## EXERCISE DATA
◆ ◆ ◆ ◆ ◆ ◆ ◆

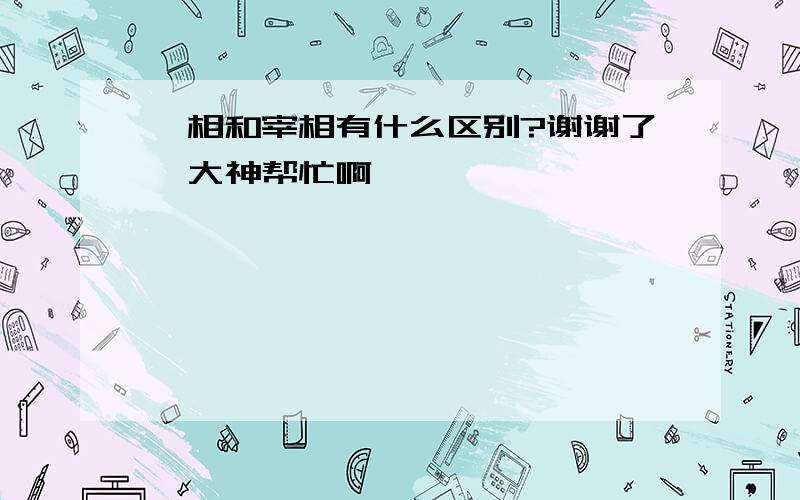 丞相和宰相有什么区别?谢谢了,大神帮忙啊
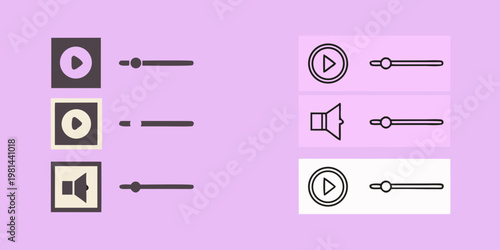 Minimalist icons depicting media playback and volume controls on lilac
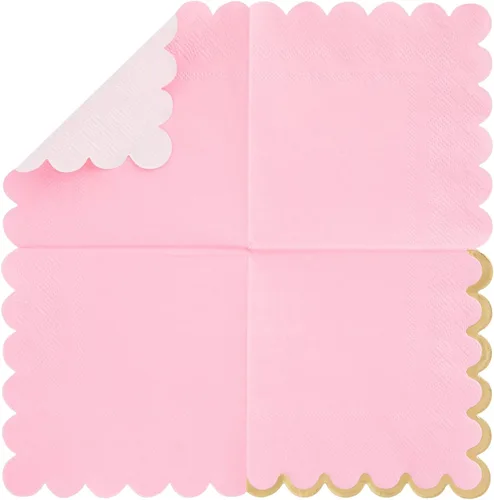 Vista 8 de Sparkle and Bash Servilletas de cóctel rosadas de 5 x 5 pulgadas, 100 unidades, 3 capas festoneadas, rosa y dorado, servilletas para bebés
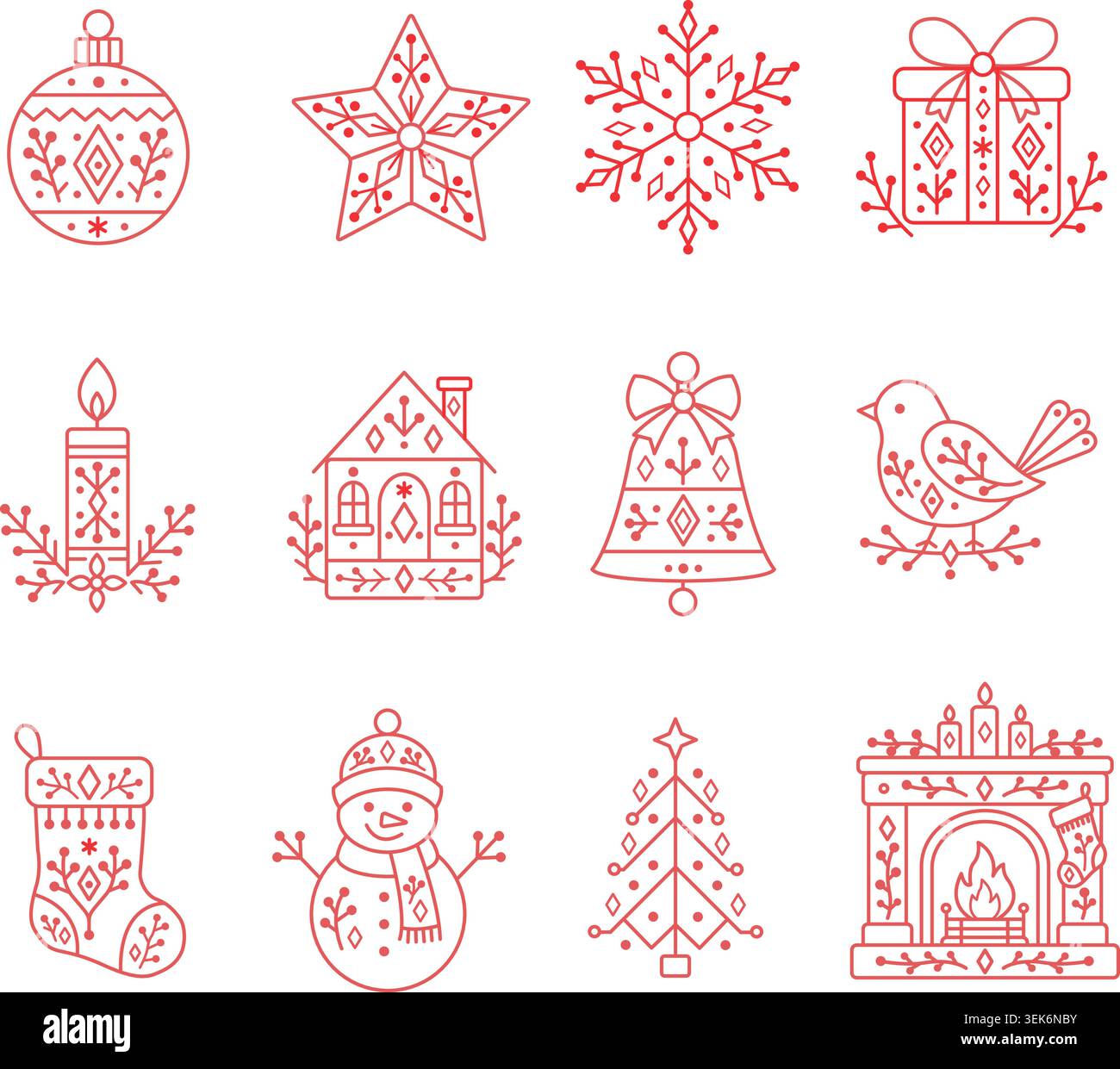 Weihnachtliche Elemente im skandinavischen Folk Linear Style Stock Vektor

◆ ◆ ◆ ◆ ◆ ◆ ◆

## TASK BRIEF
What do the lines above say from the line containing "Minimalist icons depicting" through the last line? Quote them exactly, both ends included, and leave out the pictures.

## COMPLETED TASK
 Minimalist icons depicting media playback and volume controls on lilac
 Vista 8 de Sparkle and Bash Servilletas de cóctel rosadas de 5 x 5 pulgadas, 100 unidades, 3 capas festoneadas, rosa y dorado, servilletas para bebés
 Weihnachtliche Elemente im skandinavischen Folk Linear Style Stock Vektor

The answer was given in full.